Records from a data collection
+===+

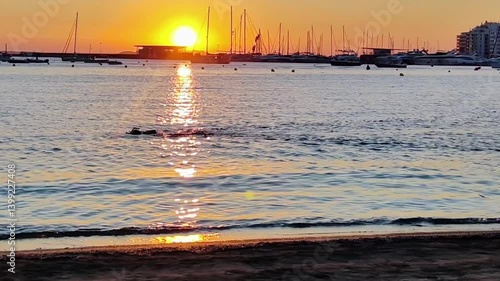 The sunset on Ibiza lights up the Mediterranean Sea creating contrasts A swimmer is seen in the water in video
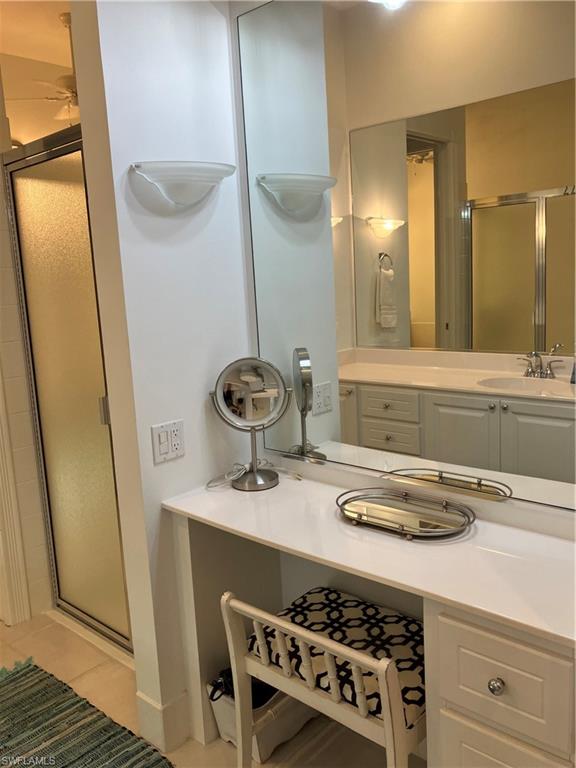 4080 Trinidad Way Naples, FL 34119 - Photo 10 of 15 a bathroom with a sink and a mirror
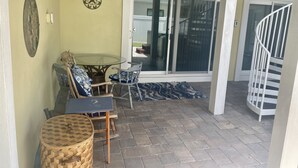 A covered patio area with a table and chairs, a ceiling fan, and a sliding glass door leading to an outdoor space. - One Bedroom Apartment, One block from the beach BTR #2197 (Indian Rocks Beach)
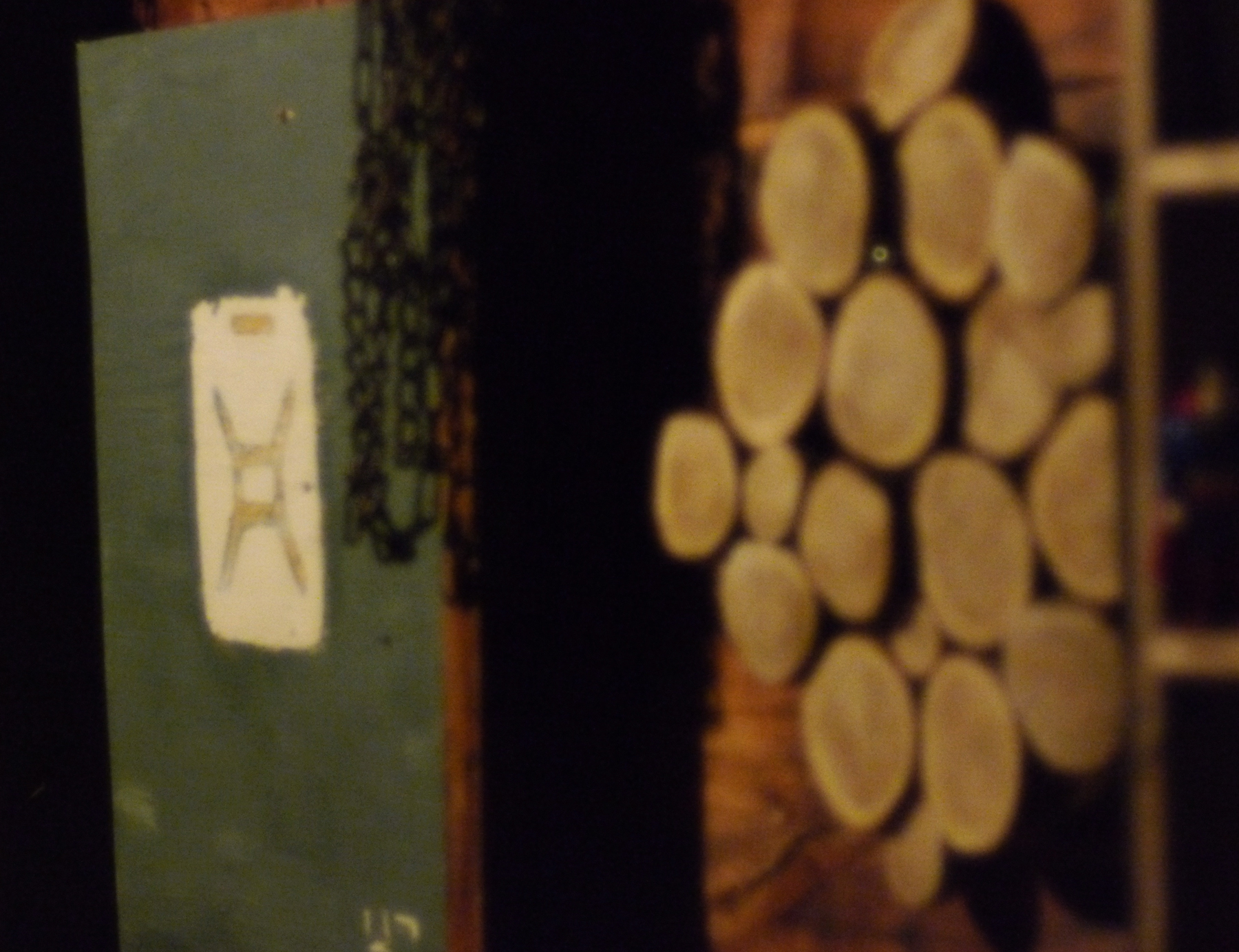 cedar rounds on wood panel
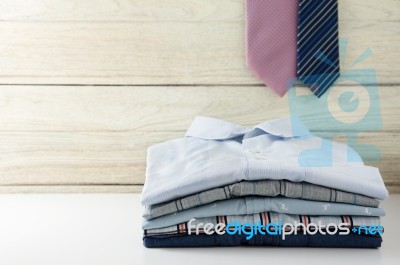 Stack Of Men Shirts With Tie Stock Photo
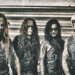 Belphegor band members in corpse paint and leather vests posing in front of a corrugated metal wall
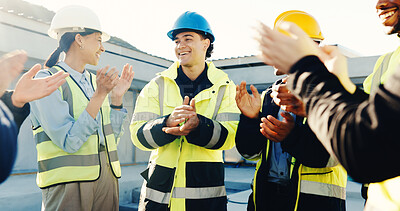 Buy stock photo Happy, engineer and team at construction site with applause, property development success and goals. People, supervisor and building group clap outdoor with celebration, smile or engineering approval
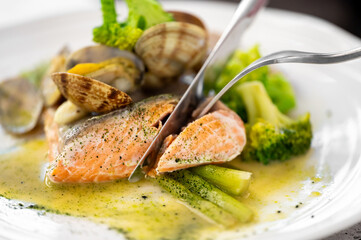 A close-up of a fork and knife cutting into a perfectly cooked salmon fillet on a white plate. The dish is served with clams, green asparagus, and broccoli in a light sauce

+===+

> [PROBLEM DETAILS]: What is needed is every line of the data above, set down exactly but with the images left out.

> [COMPLETED EXERCISE]:
 The sunset on Ibiza lights up the Mediterranean Sea creating contrasts A swimmer is seen in the water in video
 4080 Trinidad Way Naples, FL 34119 - Photo 10 of 15 a bathroom with a sink and a mirror
 A covered patio area with a table and chairs, a ceiling fan, and a sliding glass door leading to an outdoor space. - One Bedroom Apartment, One block from the beach BTR #2197 (Indian Rocks Beach)
 cedar rounds on wood panel
 Stack Of Men Shirts With Tie Stock Photo
 Belphegor band members in corpse paint and leather vests posing in front of a corrugated metal wall
 Buy stock photo Happy, engineer and team at construction site with applause, property development success and goals. People, supervisor and building group clap outdoor with celebration, smile or engineering approval
 A close-up of a fork and knife cutting into a perfectly cooked salmon fillet on a white plate. The dish is served with clams, green asparagus, and broccoli in a light sauce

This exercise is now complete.